Zac Lubin

Personal information
- Full name: Zachary Lubin
- Date of birth: August 19, 1989 (age 37)
- Place of birth: Bozeman, Montana, United States
- Height: 1.96 m (6 ft 5 in)
- Position: Goalkeeper

College career
- Years: Team / Apps / (Gls)
- 2007–2010: Saint Martin's Saints

Senior career*
- Years: Team / Apps / (Gls)
- 2011–2012: Kitsap Pumas / 18 / (0)
- 2013: Seattle Sounders FC U-23 / 9 / (0)
- 2014: IFK Luleå / 20 / (0)
- 2015: Tulsa Roughnecks / 15 / (0)
- 2016: Swope Park Rangers / 10 / (0)
- 2017: Ljungskile SK / 18 / (0)
- 2018–2021: Phoenix Rising / 47 / (0)
- 2018: → Seattle Sounders FC (loan) / 0 / (0)
- 2022: Northern Colorado Hailstorm / 0 / (0)

Managerial career
- 2022: Northern Colorado Hailstorm (goalkeeping)

= Zac Lubin =

American soccer player

Zac Lubin (born August 19, 1989) is an American former professional soccer player.

==Career==

===College and amateur===
Lubin spent his entire college career at Saint Martin's University. He made a total of 67 appearances for the Saints and finished with a 2.17 Goals Against Average.

He also played in the Premier Development League for Kitsap Pumas and Seattle Sounders FC U-23.

===Professional===
In 2014, Lubin joined Swedish club IFK Luleå where he made 20 appearances. On March 20, he signed with USL club Tulsa Roughnecks FC. He made his debut for the club a week later in a 1–1 draw against Oklahoma City Energy FC.

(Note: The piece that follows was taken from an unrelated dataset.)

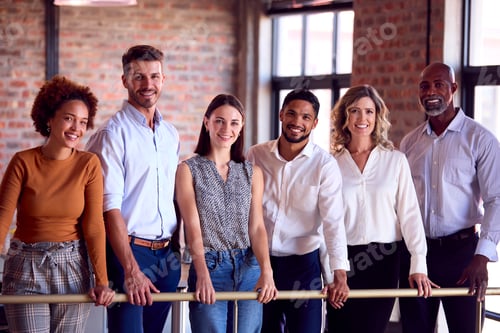Preview: Portrait Of Multi-Cultural Business Team Meeting In Busy Office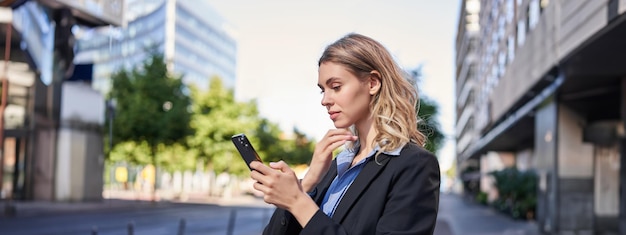 Foto gratuita retrato de perfil de una joven vendedora corporativa en traje usando un teléfono móvil leyendo en un teléfono inteligente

Lubin signed with Swope Park Rangers on December 16, 2015.

On February 6, 2018, Lubin signed with the Phoenix Rising FC of the United Soccer League.

On June 30, 2018, Lubin was loaned to the Seattle Sounders FC of the MLS for their match against the Portland Timbers. Two of Seattle's three goalkeepers were injured, therefore prompting the emergency loan of Lubin.

===Coaching===
On July 21, 2022, Lubin joined Éamon Zayed's staff at USL League One's Northern Colorado Hailstorm FC as the goalkeeping coach.